Preoperative Chemotherapy-Sensitized Radiation Therapy for Cervical Metastases in Head and Neck Cancer
Archives of Otolaryngology - Head and Neck Surgery
Objective: To determine the efficacy of concurrent preoperative cisplatin chemotherapy and radiotherapy (CT/ RT) for patients with advanced head and neck cancer and cervical metastatic disease. Design: Retrospective analysis. Setting: University hospitals. Patients: Eighty-eight patients with operable stage III and IV squamous cell carcinoma of the head and neck and palpable cervical lymphogenous metastases received preoperative concurrent CT/RT followed by planned neck dissection.

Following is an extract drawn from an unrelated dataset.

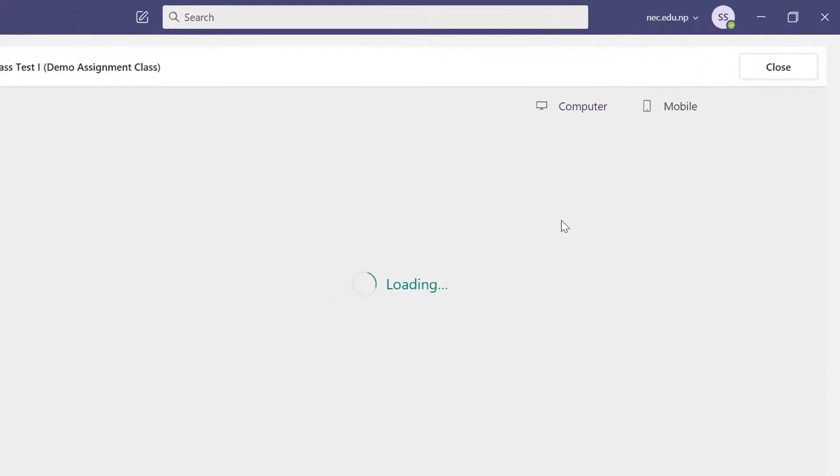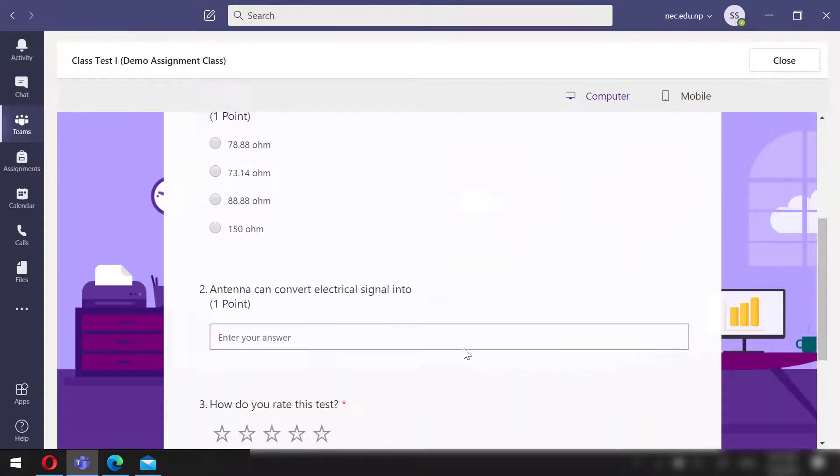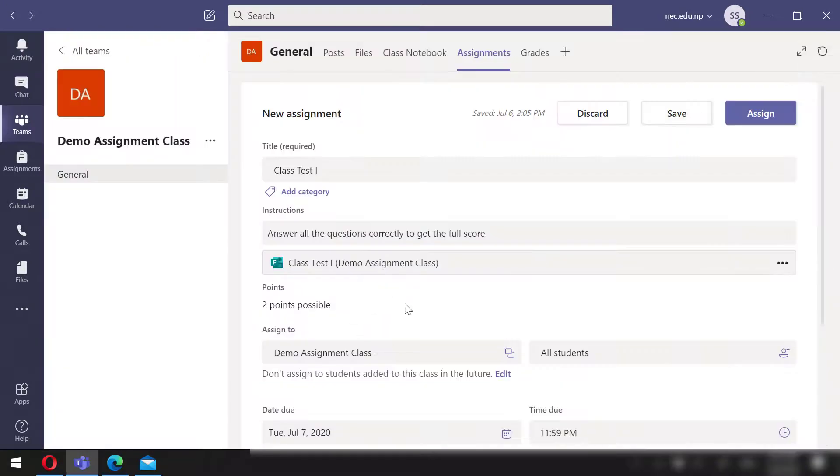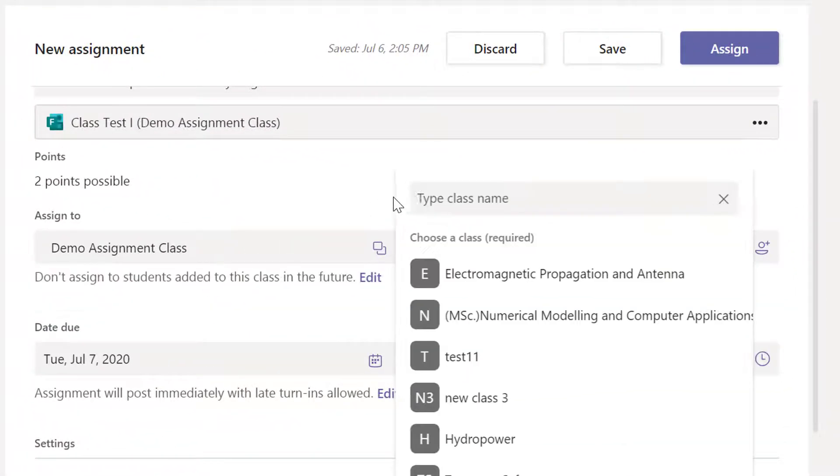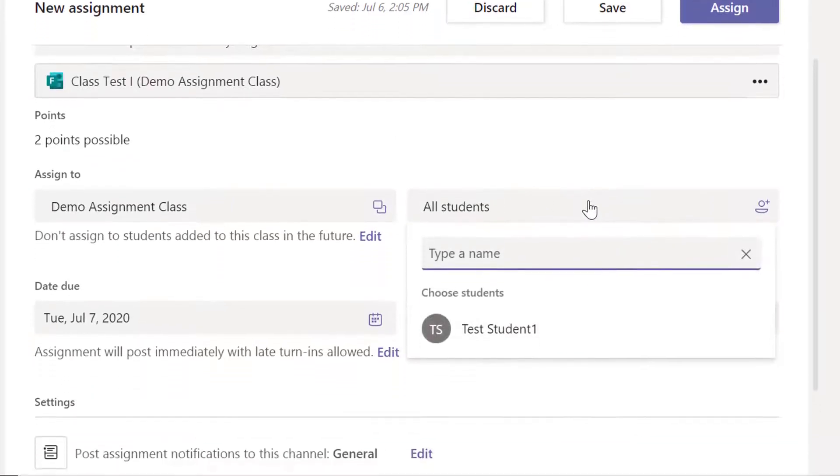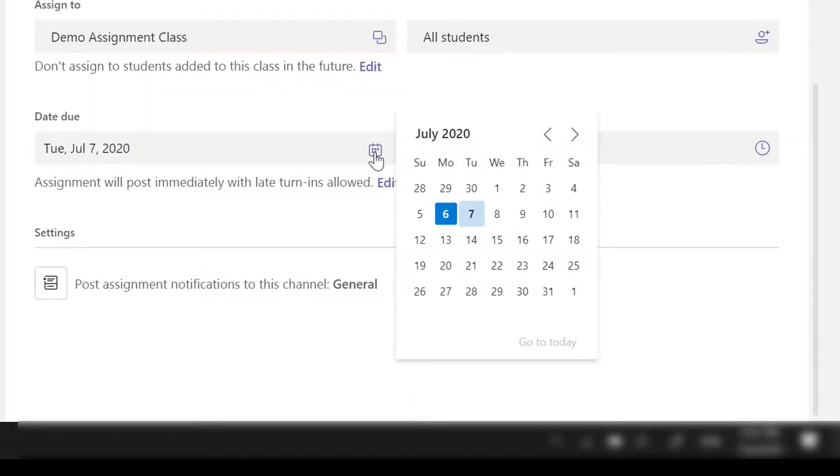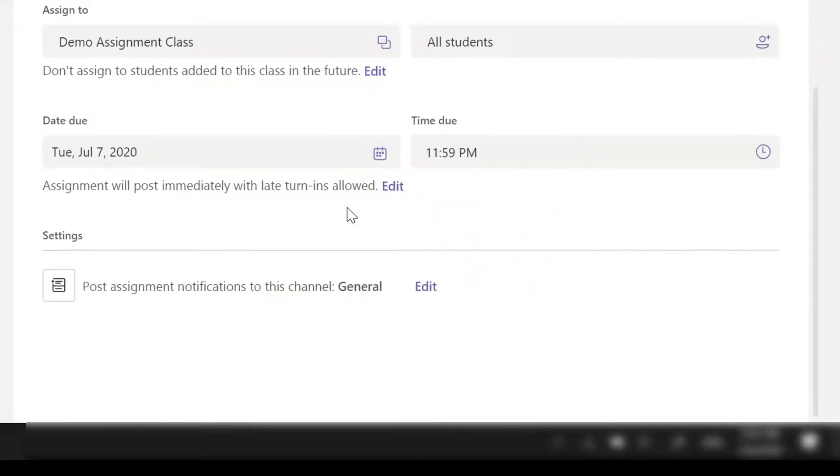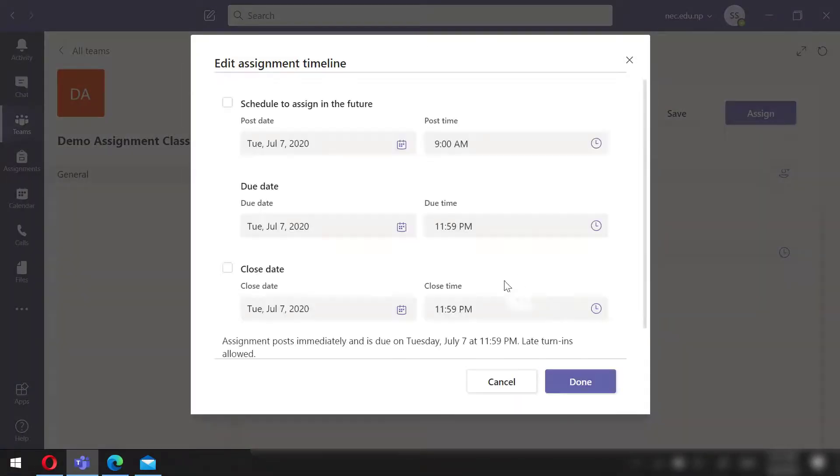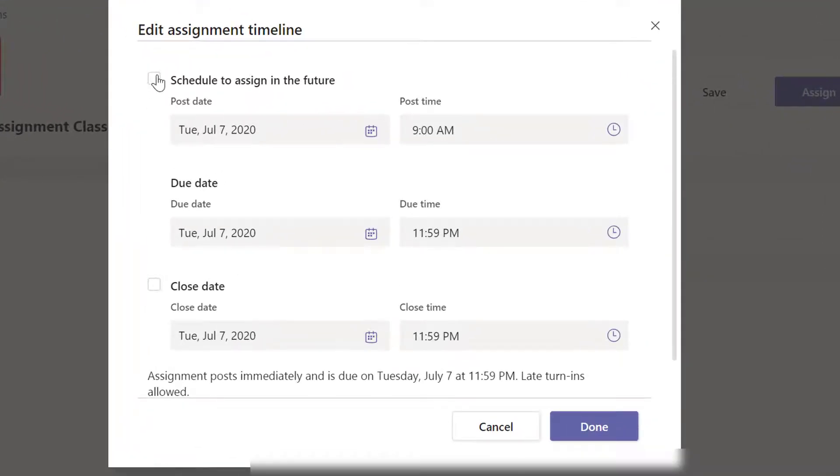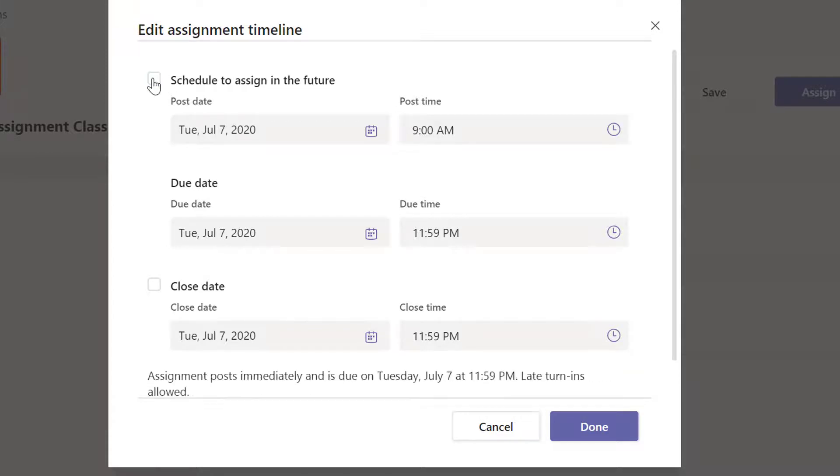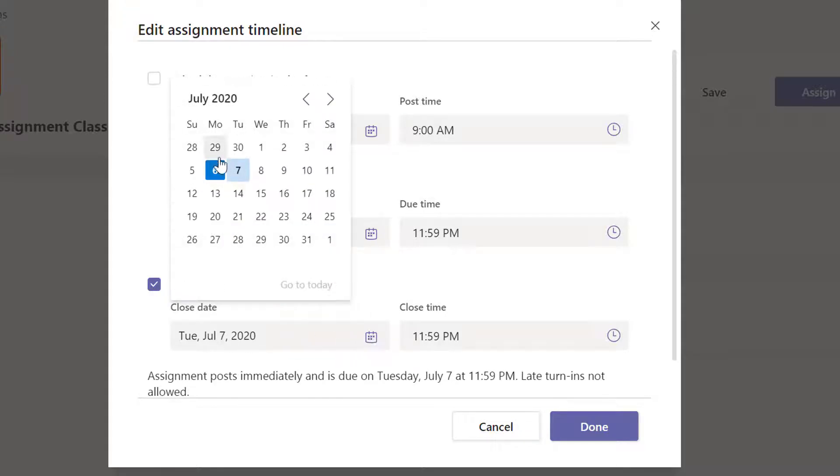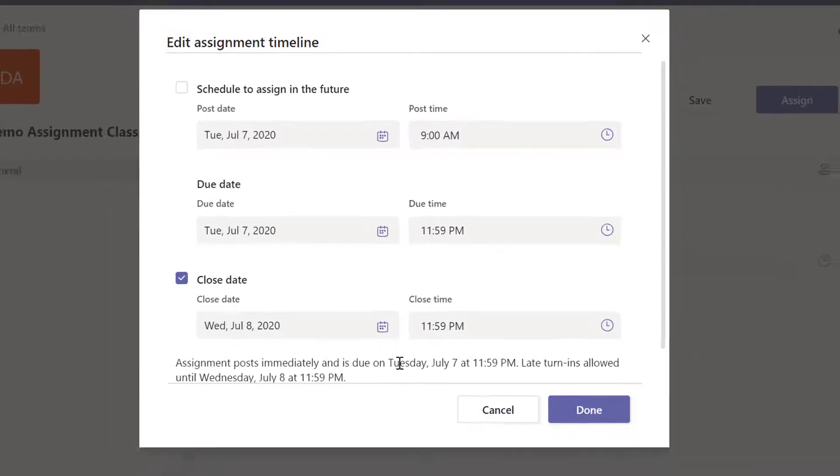We can assign channel and the student. I will keep it as default, which means this will be accessible to all the students of this channel. Next, let's define the due date. The trick here is we can schedule the test and also provide the time boundary for the submission by entering the close date along with the due date. That way students can access the test questions for only a specific period of time and need to make the submission by the time. I will only define the close date for now.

... : All patients undergoing CT/RT received concomitant continuous infusions of cisplatin (20 mg/m 2 ) on days 1 to 4 and 22 to 25 of CT/RT. Thirty-nine patients underwent single-fraction (1.8-Gy) radiotherapy to 45.0 Gy, and 49 patients received 10 single-fraction (1.8-Gy) treatments, which were hyperfractionated (1.2-Gy twice a day) to 46.8 Gy. Main Outcome Measures: The 71 patients for whom complete post-CT/RT data were available were evaluated for clinical response in addition to survival. Histologic complete response (HCR) was confirmed from planned neck dissection specimens (n = 48) after clini-cal complete response (CCR) from initial CT/RT. Kaplan-Meier statistical analysis for disease-specific survival and overall survival was performed on all 88 patients who received CT/RT. Results: A CCR and an HCR were noted in 78% (18/ 23) and 59% (10/17) of patients with N1 lesions, respectively, and in 60% (29/48) and 45% (14/31) of patients with N2-3 lesions, respectively. The percentage of patients with CCR who also had HCR was 67% (10/15) for patients with N1 lesions and 54% (14/26) for patients with N2-3 lesions. With a median follow-up of 18.5 months, the Kaplan-Meier disease-specific survival rate at 54 months (n = 88) was 70% (21/30) for patients with N1 lesions, 60% (24/40) for patients with N2 lesions, and 39% (7/18) for patients with N3 lesions. The overall survival and disease-specific survival rates at 5 years for all nodal groups combined were 36% (32/88) and 59% (52/88), respectively. Conclusions: A CCR to CT/RT was achieved in nearly two thirds of patients with head and neck cervical lymphogenous metastases, independent of nodal tumor load. Most patients (59% [24/41]) with CCR were pathologically tumor free before neck dissection.